Deadline: 12-Jan-24
The Cultivate Fellowship is now accepting applications from implementers of Bureau of Humanitarian Assistance (BHA)-funded emergency programs and resilience food security activities (RFSAs) and other USAID-funded strategic partners who are interested in deepening their understanding of inclusive resilience dynamics through qualitative inquiry and collaborative learning.
Brought to you by the Gender and Youth Activity (GAYA), the Cultivate Fellowship is a capacity-strengthening opportunity for field-based emergency and resilience food security implementers who are interested in using qualitative methods to increase gender and youth inclusion.
Over three months, a cohort of 16-20 members will participate in both an in-person workshop, regular online meetings, and independent work to develop innovative solutions to increase gender and youth inclusion in their programs.
The Cultivate Fellowship supports fellows to design and use qualitative methods to address their program-specific questions and deepen their contextual understanding of social inclusion and resilience dynamics of their activities, in order to adapt programming for transformative change.

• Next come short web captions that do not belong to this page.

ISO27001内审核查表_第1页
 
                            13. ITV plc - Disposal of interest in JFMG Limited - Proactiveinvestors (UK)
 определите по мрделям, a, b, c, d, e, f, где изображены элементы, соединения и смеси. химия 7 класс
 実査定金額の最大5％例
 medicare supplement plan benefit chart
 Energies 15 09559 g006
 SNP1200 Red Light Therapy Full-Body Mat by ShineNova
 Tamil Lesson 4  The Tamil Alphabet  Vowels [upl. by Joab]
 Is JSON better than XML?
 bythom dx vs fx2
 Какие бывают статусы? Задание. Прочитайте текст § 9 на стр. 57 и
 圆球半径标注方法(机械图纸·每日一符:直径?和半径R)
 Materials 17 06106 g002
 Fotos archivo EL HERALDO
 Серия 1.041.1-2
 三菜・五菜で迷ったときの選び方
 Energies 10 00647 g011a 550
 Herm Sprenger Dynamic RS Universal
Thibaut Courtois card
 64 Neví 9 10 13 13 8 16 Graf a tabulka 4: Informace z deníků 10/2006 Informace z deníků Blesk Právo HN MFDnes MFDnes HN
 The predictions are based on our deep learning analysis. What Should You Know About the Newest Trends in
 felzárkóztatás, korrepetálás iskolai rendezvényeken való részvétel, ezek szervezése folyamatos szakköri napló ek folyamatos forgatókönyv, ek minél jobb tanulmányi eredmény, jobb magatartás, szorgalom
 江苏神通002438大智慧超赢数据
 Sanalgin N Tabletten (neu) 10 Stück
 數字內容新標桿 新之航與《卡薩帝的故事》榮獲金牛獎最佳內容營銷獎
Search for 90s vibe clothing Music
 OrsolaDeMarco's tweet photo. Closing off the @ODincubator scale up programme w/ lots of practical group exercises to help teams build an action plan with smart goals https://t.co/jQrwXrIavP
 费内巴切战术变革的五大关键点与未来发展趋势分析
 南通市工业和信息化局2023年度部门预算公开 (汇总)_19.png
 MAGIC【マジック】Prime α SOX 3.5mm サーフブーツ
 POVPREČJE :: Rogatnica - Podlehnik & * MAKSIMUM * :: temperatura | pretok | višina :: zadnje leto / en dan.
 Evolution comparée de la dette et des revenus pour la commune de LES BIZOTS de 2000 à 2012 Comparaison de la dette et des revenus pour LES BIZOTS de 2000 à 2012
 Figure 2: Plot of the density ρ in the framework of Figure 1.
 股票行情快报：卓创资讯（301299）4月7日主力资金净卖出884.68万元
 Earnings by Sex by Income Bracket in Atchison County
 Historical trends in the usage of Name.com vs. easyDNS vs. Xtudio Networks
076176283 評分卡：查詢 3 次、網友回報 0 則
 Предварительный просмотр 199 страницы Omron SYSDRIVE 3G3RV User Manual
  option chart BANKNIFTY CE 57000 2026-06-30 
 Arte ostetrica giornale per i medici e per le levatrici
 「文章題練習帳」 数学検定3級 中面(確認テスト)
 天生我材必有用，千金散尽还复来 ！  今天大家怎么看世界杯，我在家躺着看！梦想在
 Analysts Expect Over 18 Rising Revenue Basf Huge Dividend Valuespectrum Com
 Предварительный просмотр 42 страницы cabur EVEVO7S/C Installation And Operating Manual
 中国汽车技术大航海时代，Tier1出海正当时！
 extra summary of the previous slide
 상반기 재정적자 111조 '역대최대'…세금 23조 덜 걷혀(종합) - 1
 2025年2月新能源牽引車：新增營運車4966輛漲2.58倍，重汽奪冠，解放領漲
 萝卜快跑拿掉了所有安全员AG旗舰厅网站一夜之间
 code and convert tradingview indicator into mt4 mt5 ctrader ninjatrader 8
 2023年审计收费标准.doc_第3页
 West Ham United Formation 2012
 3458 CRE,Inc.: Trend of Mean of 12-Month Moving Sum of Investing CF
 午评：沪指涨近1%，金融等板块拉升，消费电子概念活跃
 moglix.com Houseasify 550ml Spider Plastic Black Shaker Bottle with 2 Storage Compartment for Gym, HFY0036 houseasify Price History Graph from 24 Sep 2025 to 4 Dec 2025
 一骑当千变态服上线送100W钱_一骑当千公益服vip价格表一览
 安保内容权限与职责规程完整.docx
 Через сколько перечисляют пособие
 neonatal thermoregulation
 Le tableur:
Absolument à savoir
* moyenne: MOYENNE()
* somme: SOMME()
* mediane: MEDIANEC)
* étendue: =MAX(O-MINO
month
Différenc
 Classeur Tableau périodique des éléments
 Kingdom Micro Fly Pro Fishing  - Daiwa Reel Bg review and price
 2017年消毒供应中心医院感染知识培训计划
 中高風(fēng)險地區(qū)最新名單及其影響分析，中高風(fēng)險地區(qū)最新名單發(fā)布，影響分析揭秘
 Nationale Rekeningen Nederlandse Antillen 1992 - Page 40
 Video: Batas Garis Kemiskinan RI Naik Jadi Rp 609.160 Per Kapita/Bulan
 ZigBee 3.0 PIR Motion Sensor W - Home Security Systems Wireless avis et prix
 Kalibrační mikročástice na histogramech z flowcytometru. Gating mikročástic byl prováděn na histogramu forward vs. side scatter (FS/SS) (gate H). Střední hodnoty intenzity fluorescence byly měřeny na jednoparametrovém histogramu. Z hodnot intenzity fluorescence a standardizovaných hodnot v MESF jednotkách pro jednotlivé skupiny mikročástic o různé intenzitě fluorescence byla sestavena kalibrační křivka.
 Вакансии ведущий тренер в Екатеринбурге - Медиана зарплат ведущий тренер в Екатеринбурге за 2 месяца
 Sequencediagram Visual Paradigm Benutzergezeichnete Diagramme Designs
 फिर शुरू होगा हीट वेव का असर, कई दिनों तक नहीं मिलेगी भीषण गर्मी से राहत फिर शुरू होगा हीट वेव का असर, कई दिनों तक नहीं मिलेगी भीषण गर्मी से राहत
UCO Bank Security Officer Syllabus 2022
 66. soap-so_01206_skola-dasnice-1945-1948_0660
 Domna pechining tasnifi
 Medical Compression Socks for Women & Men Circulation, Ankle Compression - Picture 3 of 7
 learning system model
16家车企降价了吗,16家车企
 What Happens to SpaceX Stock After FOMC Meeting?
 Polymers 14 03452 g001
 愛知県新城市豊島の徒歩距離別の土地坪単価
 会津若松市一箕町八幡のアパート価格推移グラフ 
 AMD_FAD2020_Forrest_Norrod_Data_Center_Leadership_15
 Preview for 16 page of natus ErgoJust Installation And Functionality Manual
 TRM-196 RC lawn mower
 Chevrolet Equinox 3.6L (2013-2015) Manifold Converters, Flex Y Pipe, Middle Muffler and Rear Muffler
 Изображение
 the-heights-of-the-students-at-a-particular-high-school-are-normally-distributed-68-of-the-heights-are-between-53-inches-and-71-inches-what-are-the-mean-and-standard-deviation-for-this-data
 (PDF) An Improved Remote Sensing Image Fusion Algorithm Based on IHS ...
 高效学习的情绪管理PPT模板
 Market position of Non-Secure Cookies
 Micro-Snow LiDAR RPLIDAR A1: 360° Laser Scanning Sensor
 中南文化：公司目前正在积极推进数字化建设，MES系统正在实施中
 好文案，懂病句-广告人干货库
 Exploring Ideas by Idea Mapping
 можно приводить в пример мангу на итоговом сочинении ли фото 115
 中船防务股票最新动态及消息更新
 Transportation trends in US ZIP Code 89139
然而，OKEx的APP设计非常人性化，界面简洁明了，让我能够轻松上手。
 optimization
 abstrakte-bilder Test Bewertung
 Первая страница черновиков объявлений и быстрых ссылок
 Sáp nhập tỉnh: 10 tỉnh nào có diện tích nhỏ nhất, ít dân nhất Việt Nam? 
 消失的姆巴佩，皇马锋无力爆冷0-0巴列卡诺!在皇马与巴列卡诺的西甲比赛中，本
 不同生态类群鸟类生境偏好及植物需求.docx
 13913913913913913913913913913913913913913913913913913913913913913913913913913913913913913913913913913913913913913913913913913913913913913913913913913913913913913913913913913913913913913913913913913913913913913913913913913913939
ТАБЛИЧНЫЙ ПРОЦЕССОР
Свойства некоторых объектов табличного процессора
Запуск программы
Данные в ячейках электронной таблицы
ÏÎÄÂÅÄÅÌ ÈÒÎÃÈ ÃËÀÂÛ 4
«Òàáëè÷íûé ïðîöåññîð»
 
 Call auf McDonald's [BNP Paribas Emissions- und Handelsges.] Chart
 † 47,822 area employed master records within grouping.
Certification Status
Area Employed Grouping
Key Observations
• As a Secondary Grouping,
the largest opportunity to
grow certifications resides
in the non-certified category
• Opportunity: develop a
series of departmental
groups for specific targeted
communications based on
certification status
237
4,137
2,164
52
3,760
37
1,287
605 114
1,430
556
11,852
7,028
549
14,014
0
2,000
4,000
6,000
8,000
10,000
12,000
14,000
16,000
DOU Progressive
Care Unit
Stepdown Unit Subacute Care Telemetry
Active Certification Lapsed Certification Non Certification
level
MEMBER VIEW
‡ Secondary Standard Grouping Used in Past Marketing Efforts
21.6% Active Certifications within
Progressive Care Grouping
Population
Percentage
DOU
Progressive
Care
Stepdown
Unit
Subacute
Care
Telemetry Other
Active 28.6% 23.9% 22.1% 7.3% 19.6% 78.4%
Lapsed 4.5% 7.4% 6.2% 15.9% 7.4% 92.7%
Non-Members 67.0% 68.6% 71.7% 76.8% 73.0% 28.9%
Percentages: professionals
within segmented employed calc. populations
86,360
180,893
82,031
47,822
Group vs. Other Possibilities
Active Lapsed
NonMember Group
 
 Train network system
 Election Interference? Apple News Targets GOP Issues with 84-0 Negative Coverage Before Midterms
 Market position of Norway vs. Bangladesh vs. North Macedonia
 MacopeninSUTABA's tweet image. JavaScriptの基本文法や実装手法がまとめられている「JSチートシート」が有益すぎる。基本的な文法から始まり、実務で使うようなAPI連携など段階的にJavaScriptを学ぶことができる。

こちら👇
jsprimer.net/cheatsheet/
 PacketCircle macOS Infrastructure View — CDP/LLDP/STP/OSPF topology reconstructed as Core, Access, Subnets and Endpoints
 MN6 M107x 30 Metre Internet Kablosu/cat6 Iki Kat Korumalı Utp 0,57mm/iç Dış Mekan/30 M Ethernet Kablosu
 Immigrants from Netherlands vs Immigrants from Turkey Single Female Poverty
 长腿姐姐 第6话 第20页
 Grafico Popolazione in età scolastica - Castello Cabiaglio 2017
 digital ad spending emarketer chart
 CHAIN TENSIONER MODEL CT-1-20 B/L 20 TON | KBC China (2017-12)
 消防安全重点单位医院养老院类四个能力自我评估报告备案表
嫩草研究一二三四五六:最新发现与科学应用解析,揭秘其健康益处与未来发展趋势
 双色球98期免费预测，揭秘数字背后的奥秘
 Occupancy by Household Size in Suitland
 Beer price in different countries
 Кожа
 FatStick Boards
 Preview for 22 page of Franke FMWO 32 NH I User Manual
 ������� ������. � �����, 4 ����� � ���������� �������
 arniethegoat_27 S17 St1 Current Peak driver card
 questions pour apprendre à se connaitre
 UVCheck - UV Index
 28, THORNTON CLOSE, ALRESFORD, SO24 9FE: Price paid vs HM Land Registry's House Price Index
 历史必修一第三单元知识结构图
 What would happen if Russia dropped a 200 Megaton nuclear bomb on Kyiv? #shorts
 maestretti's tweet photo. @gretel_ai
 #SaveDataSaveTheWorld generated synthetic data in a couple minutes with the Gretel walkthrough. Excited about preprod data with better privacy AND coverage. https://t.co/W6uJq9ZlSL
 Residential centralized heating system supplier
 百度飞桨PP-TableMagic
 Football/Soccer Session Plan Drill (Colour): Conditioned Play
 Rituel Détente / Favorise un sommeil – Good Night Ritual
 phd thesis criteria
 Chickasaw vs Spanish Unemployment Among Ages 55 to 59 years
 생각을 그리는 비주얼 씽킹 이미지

Through the Fellowship, Cultivate Fellows will use qualitative methods to unpack program-specific questions focused on inclusive resilience dynamics, to:
- Explore how systems thinking tools and strategies can deepen their understanding of inclusive resilience dynamics.
- Collaborate with peers to examine how qualitative inquiry can deepen their understanding of these dynamics.
- Design learning questions, a qualitative inquiry process, and qualitative inquiry tools to explore program-specific questions aimed at unpacking these dynamics and informing program adaptation.
- Assess barriers (e.g., organizational, resource-based, structural) to integrating inclusive resilience-focused qualitative inquiry and develop clear strategies for addressing these barriers, including, but not limited to behavior change within the program.
- Conduct this qualitative inquiry within their own program, including:
- Collecting data;
- Analyzing results;
- Convening a team for sensemaking, reflection, and decision-making regarding how to apply learning within the program; and
- Revising the learning questions, process, and tools based on reflections for broader use in investigating inclusive resilience dynamics within the program.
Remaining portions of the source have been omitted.